Mernat Mafirakurewa Business Editor—
FINANCE and Economic Development Minister Patrick Chinamasa says troubled banks will be excluded from taking part in the interbank market in the interim. Last year the government and Africa Export and Import Bank (Afreximbank) launched a $100 million facility to revive the interbank market and help increase liquidity.
The interbank is a market in which banks extend loans to one another for a specified term. Most interbank loans are for maturities of one week or less, the majority being overnight.
Chinamasa told a media briefing recently: “Those banks which are troubled will obviously be excluded. I won’t mention by name because in interbank activity, it’s all to do with lending. One bank is lending its money to another bank and it wants to be assured that the other bank can pay, so you can’t lend to a bank which you know maybe insolvent. But right now the major banks are involved.”
Since the adoption of a multi currency system in February 2009, the country has faced a liquidity crunch leading to economic stagnation as industries are failing to access working capital to stimulate productivity to competitive levels.
According to the World Bank Zimbabwe Economic Briefing for the month of April, vulnerabilities remain high in the banking sector, exacerbated by macro-economic inconsistencies and low levels of confidence.
Non-performing loans are high at 15,9 percent.
“Solvency concerns especially in smaller banks also remain a drag in the periphery, making the Reserve Bank of Zimbabwe to intensify the monitoring of troubled banks. The RBZ floated treasury bills worth $103 million in March 2014 to clear part of the $1,35 billion RBZ debt taken over by government. The treasury bills will facilitate interbank lending as they will be used as security,” the World Bank said.

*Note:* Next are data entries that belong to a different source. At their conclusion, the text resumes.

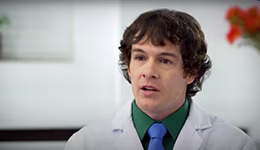 A man with a white coat, green shirt and a blue tie.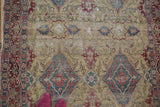 Threadbare pile revealing the ivory foundation and intricate motifs of a collector Kermanshah rug.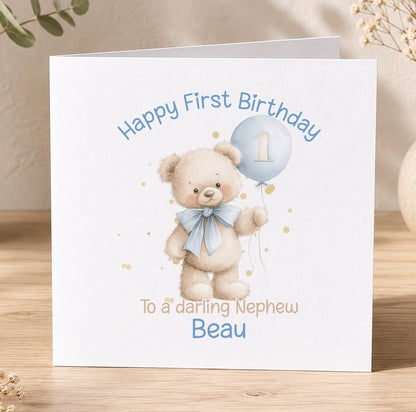 White 1st birthday card for a baby boy featuring a teddy bear holding a blue balloon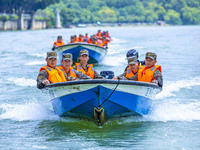 Armed police are training for flood control and rescue in Baise, China, on July 12, 2024. (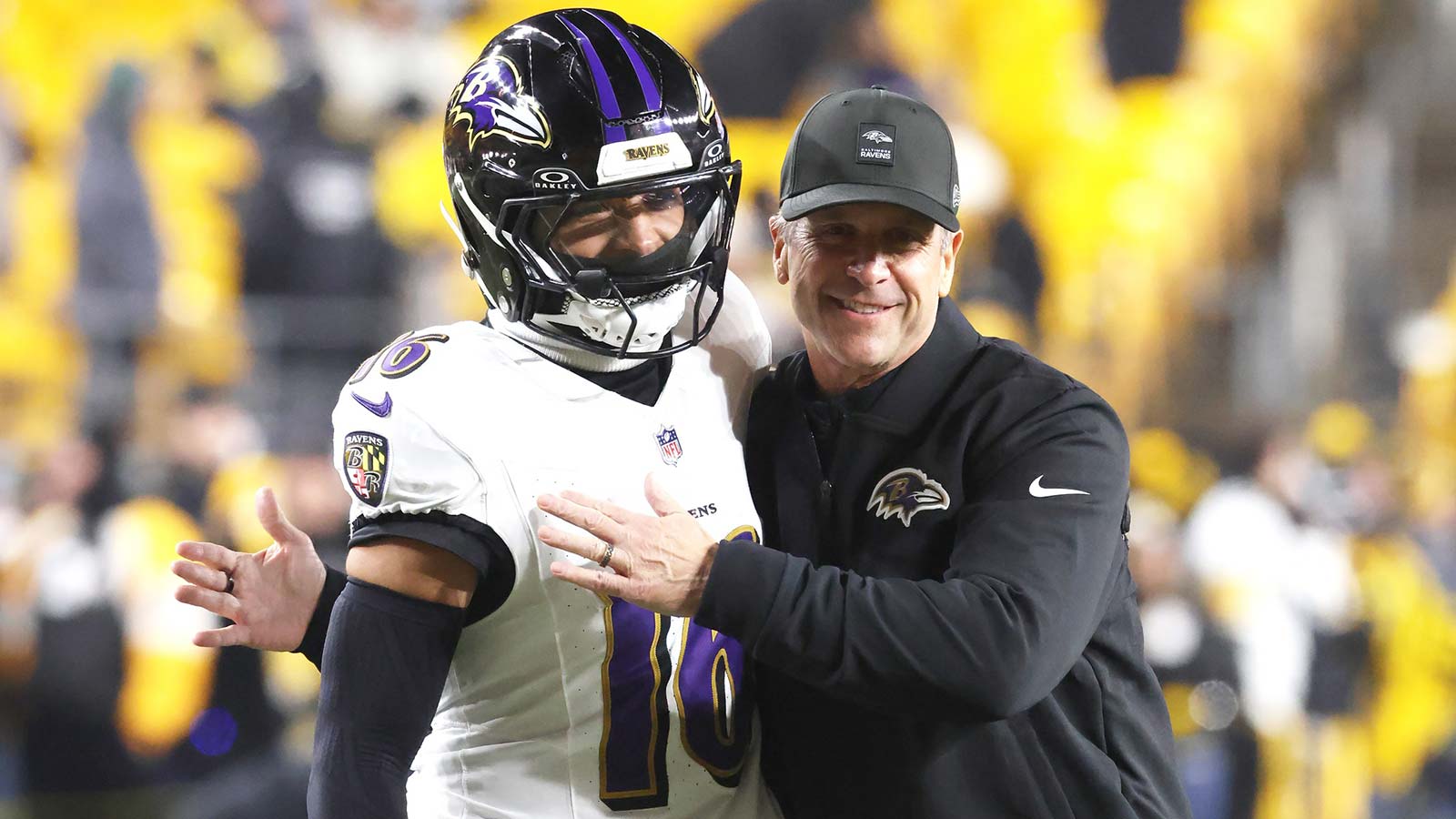 Baltimore Ravens head coach John Harbaugh (right) greets wide receiver Tylan Wallace (16) before the game against the Pittsburgh Steelers at Acrisure Stadium.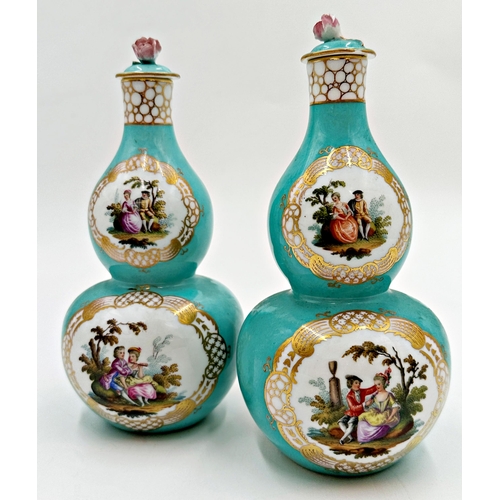 427 - Pair of Dresden porcelain double gourd lidded vases, with painted romantic panels on a turquoise gro... 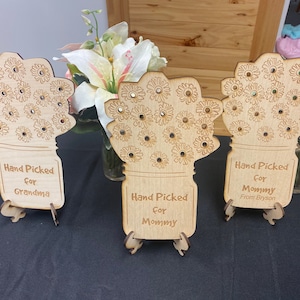 May include: Three wooden flower bouquet crafts with a mason jar design. Each bouquet has a different message: "Hand Picked for Grandma", "Hand Picked for Mommy", and "Hand Picked for Mommy from Bryson".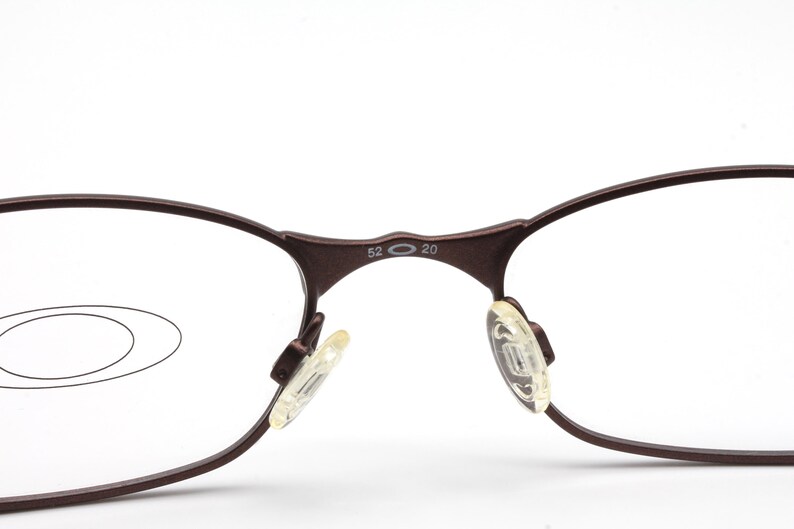 May include: Close-up of a pair of brown metal eyeglasses with clear lenses. The glasses have a unique oval shape and the arms are marked with "52 20".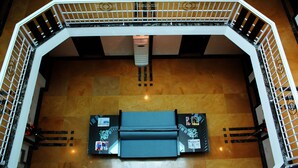 A spacious lobby with a high ceiling, a central seating area, and a modern staircase with a metal railing. - Stately Suites MG Road (Gurugram)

Statistics by the World Bank show that growth in annual broad money edged up by 5,5 percent to reach $4 billion in February 2014. Private sector credit growth inched up 1,5 percent, reaching $3,6 billion, while the loan to deposit ratio remains elevated at 90 percent in the first two months.
Meanwhile, Chinamasa said his ministry was looking forward to investing in infrastructure projects using resources from pensions and insurance funds as well as the Diaspora bond in order to attract investors into the economy.
“Primarily I am looking at investing in small hydro power schemes so that we boost the energy sector to enhance productivity in the economy,” he said.
“For companies such as the Cold Storage Company (CSC), we’ve no money to revive estates by CSC, but we can find joint ventures to revive them. What we need in this economy is the production of goods and services which we can sell to each other and which we can export.”